How Good Can Stereo Be? – Try Ambiophonics and See

Speaker Stereo v. Speaker Binaural

by Robin Miller ©2008

We’re not fooled; recordings aren’t real. With two speakers spaced 60° in front of us – let’s call that “speaker stereo” – the three most key qualities of audio reproduction are distorted. Defects are due not only to your listening equipment or acoustics, but simply to the positional relationship of the speakers and your ears. Unless that relationship is corrected to produce no acoustic artifacts, correct localization, spatiality, and tone color remain imprisoned in much of your recorded collection. Even 5.1 surround is still 60° stereo in front plus two side-rear speakers to provide envelopment, but still we do not experience being “transported” to the extent that captured auditory scenes are unlocked, and our speakers and listening space “disappear.”

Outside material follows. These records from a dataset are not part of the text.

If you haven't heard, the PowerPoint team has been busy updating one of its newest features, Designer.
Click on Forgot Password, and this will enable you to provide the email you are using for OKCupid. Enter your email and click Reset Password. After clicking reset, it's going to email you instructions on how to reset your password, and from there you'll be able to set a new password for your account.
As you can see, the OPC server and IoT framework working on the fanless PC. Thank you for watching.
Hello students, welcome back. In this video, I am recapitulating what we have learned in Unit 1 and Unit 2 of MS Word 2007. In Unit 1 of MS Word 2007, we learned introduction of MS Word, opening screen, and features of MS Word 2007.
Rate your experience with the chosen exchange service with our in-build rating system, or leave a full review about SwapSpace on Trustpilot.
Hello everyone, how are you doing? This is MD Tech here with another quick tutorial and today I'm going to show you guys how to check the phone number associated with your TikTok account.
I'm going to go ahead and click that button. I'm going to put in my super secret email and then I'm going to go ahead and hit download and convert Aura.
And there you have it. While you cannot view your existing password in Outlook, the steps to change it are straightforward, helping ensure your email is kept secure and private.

Speaker-stereo, invented in the early 1930s and popularized after World War II, initially wowed listeners. Today we’ve had to settle, or continue trying this and that, wishing for better sound. Yet the myriad recordings made over this time period have often in fact captured auditory scenes that remain unauralized when reproduced using the conventional stereo triangle due to crosstalk. Blumlein knew this, but in 1932 the compromise was small. Today we have orders-ofmagnitude more linear transducers and electronics. Most weak links in the chain have been strengthened, so that crosstalk is by far the weakest, but now eliminated by using Ambiophonic systems. Are you asking: What is Ambiophonics?

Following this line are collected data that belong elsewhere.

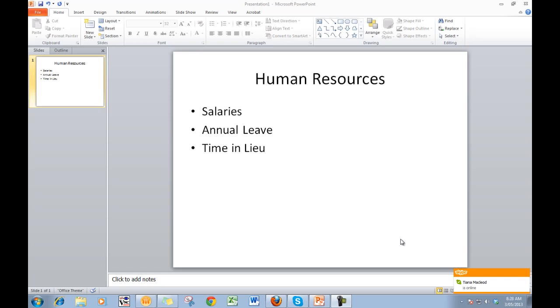I want to hide the other bullet points, dim a bullet point when I finish talking about it, and then bring in the next one. So I have my audience controlled, as it were.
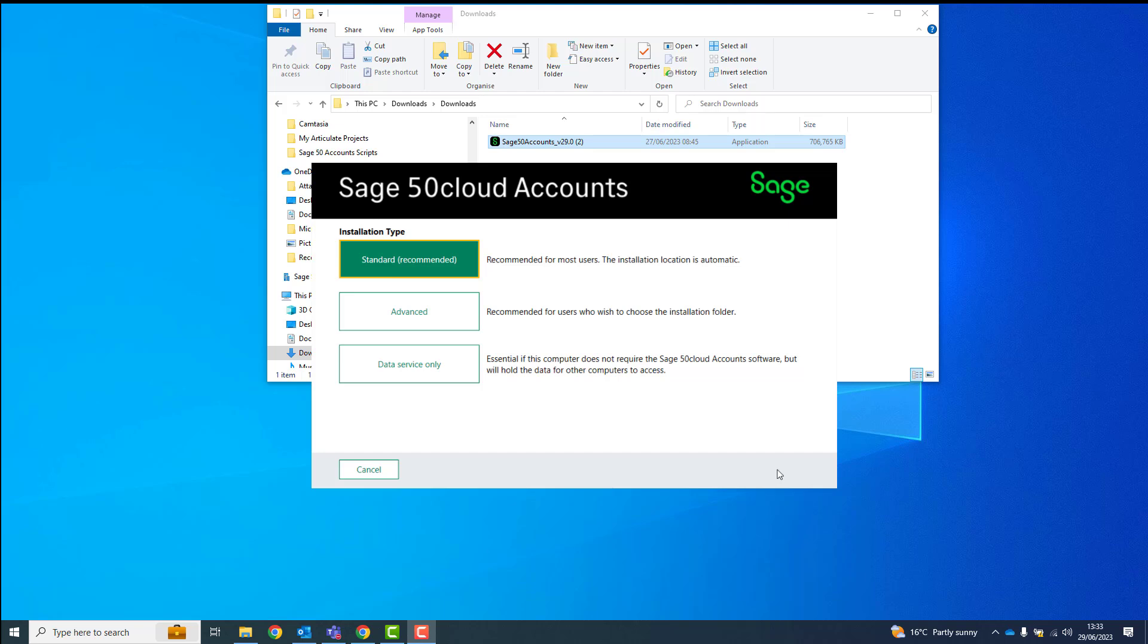You'll then be presented with the three installation types. To install only the data service on a server computer without installing the full Sage 50 Accounts program, select Data Service Only.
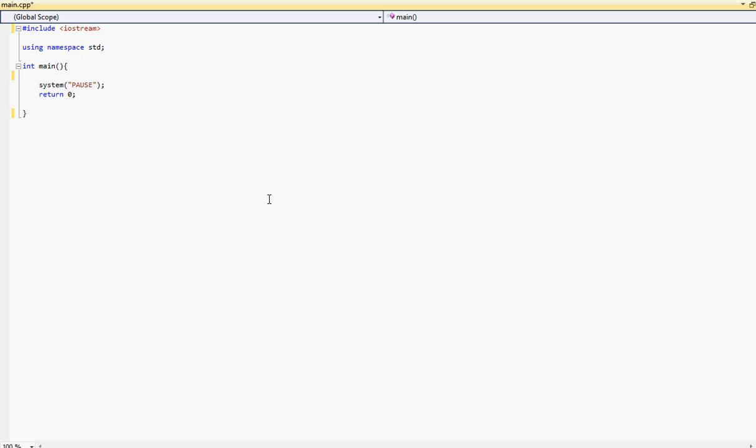So go right ahead and open the main.cpp file we had. If you don't have it pause the video and create a new project and add a new source file and type the following code. Once you have done so resume the video. So let's go ahead and get started.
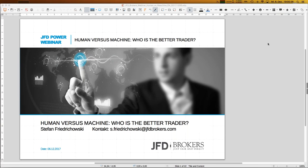As usual, the only difference is we are one day earlier — normally the English webinar is on Thursday but this week it's on Wednesday. My name is Stefan Friedrichowski. If you want to get in touch with me via email, you can see my address on the first slide: s.friedrichowski@jfdbrokers.com. The slides are already ready for download in the GoToWebinar control panel as a PDF.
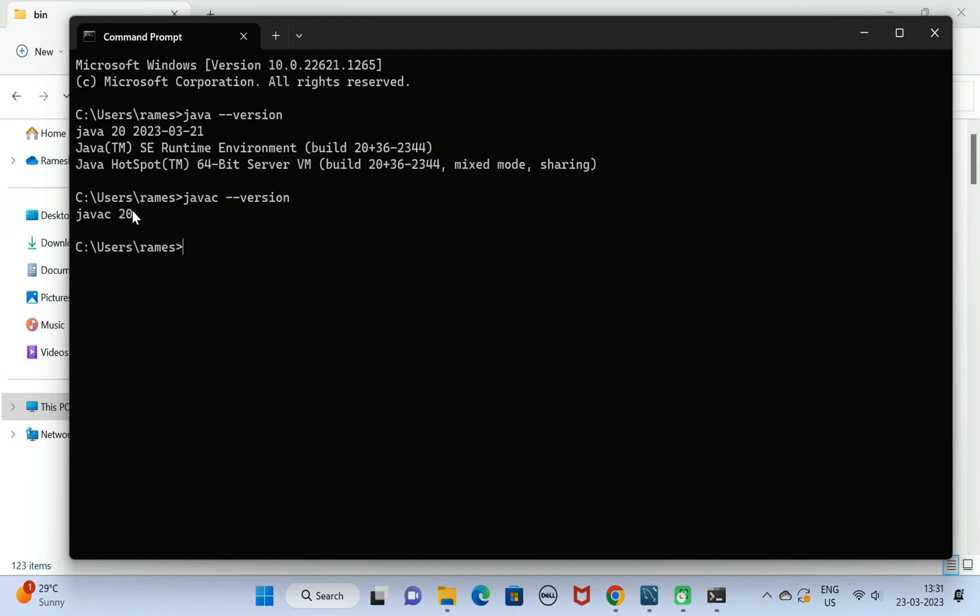It means we have successfully downloaded and set up JDK20 on Windows 11 machine. I will see you in the next video.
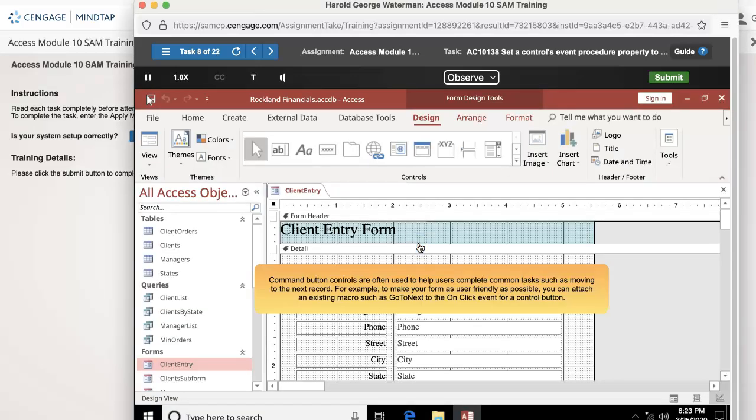Command button controls are often used to help users complete common tasks such as moving to the next record. For example, to make your form as user friendly as possible, you can attach an existing macro such as go to next to the on-click event for a control button.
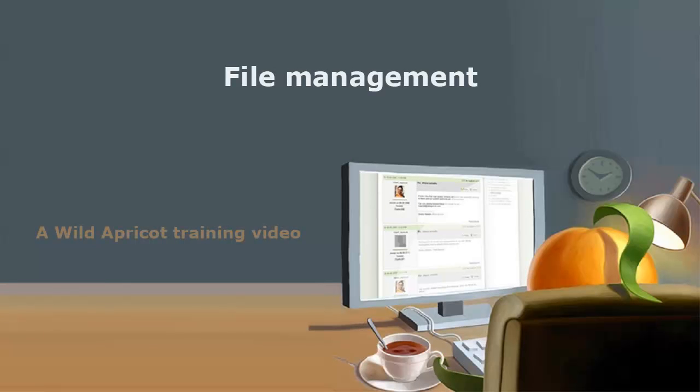Hi, I'm Picky Apricot's Steve Andrews, and I'm going to show you how to manage files on your Wild Apricot site.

Are you asking: What is Ambiophonics? And how can I have it in my home? The short answers are: It’s “speaker-binaural” – and it’s a better way to listen to stereo. Ambiophonics is so named as to suggest that it is the ultimate replacement for stereophonics, just as stereophonics replaced monophonics. All the detailed papers and tools you need are available free for personal use on this web site. Read here how Ambiophonics unlocks worlds of sonic reality waiting in your present CD/LP/DVD collection.

60 Degrees of Seperation

Unlike headphone listening, with separated stereo speakers, each ear hears both speakers. Each reproduced channel suffers from crosstalk in the contra-lateral (opposite) ear. With conventional 60° positioning, each single sonic arrival is accompanied by a delayed artifact that confuses our perception of direction and discolors timbre (Fig.2).

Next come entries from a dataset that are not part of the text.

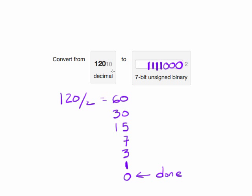So decimal 120 can be represented in binary as 1111000.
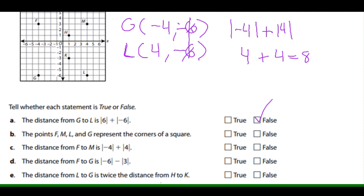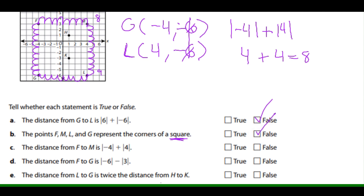Statement B: the points F, M, L, and G represent the corners of a square. Count the sides: one side is 8, another is 9, the parallel side is 8, and the last is 9. They all have different sizes, so it's not a square — it's a rectangle. That is false.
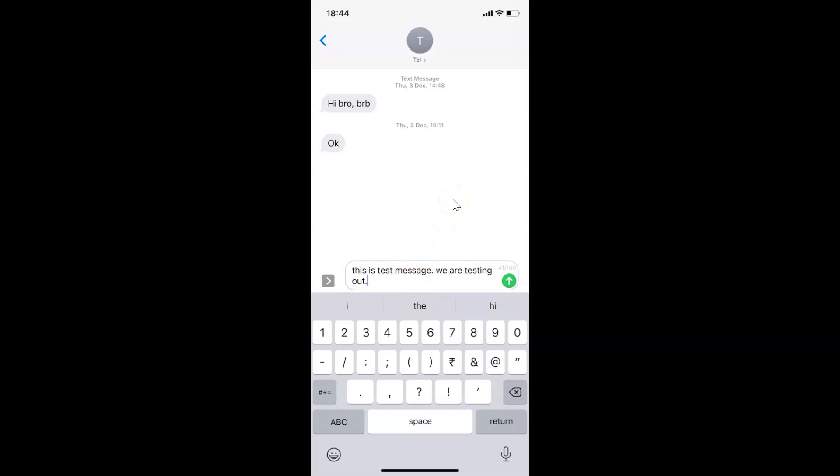That's it. In this way, you can easily turn off keyboard auto-capitalization on iPhone running iOS version 14.3. Thanks for watching. If you like my videos, please support this channel by subscribing. Thanks, bye bye.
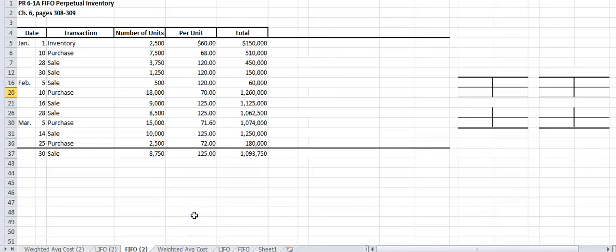In this video I'm going to discuss one of the cost flow methods for valuing inventory. There are four different types of cost flow methods in chapter six. We can use the specific identification cost flow method, the first in first out method known as FIFO, the last in first out method which is LIFO, and the weighted average.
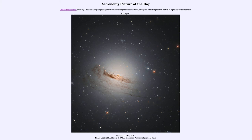Even our own galaxy is undergoing collisions and interactions with some of the small galaxies that orbit around it. And we are on a collision course with the Andromeda galaxy in several billion years, and will likely merge together to form one much larger galaxy.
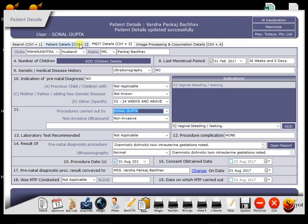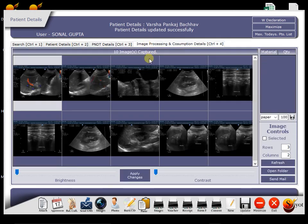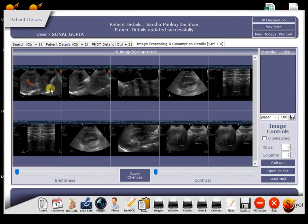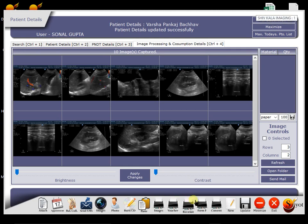Then patient comes to you for sonography. Now while doing sonography, you can also transfer the sonography images to your PC with the help of this image button. And by pressing this button, you can take image printout also.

For important central sources, the equal delays in both ears result in comb-filtering, notching mid frequencies on up. Moreover, the brain is confused because the outer ears (pinnae) tell it centered signals are actually coming from speakers at the sides. Sounds at either side are confused by extra “early reflections” from the added contra-lateral delays. And everything is unnaturally narrowed to 60° in front. Listening on iPod®-like devices may satisfy more for lack of crosstalk and therefore binaural purity rather than for high fidelity – a case of psycho-acoustic perception trumping high data rates or high budget speakers. 

Turning Stereo Inside-Out

Ambiophonics, championed by Ralph Glasgal and the Ambiophonics Institute, accomplishes “speaker binaural” by advantageously positioning speakers and by crosstalk cancellation. Early on, this was accomplished simply, if uncomfortably, by using a physical barrier to isolate each speaker-to-ear path. Instead of confining phantom images between two stereo speakers, Ambiophonics turns stereo inside out, placing speakers close together and creating more correctly localized and uncolored sonic images outside the speakers (Fig. 3 & 4). For surround sound, a second pair of speakers is located in back. Since front imaging is excellent, no separate center speaker is required for 5.1 (the DVD player is set for “no center” in order to mix the C signal to L & R channels).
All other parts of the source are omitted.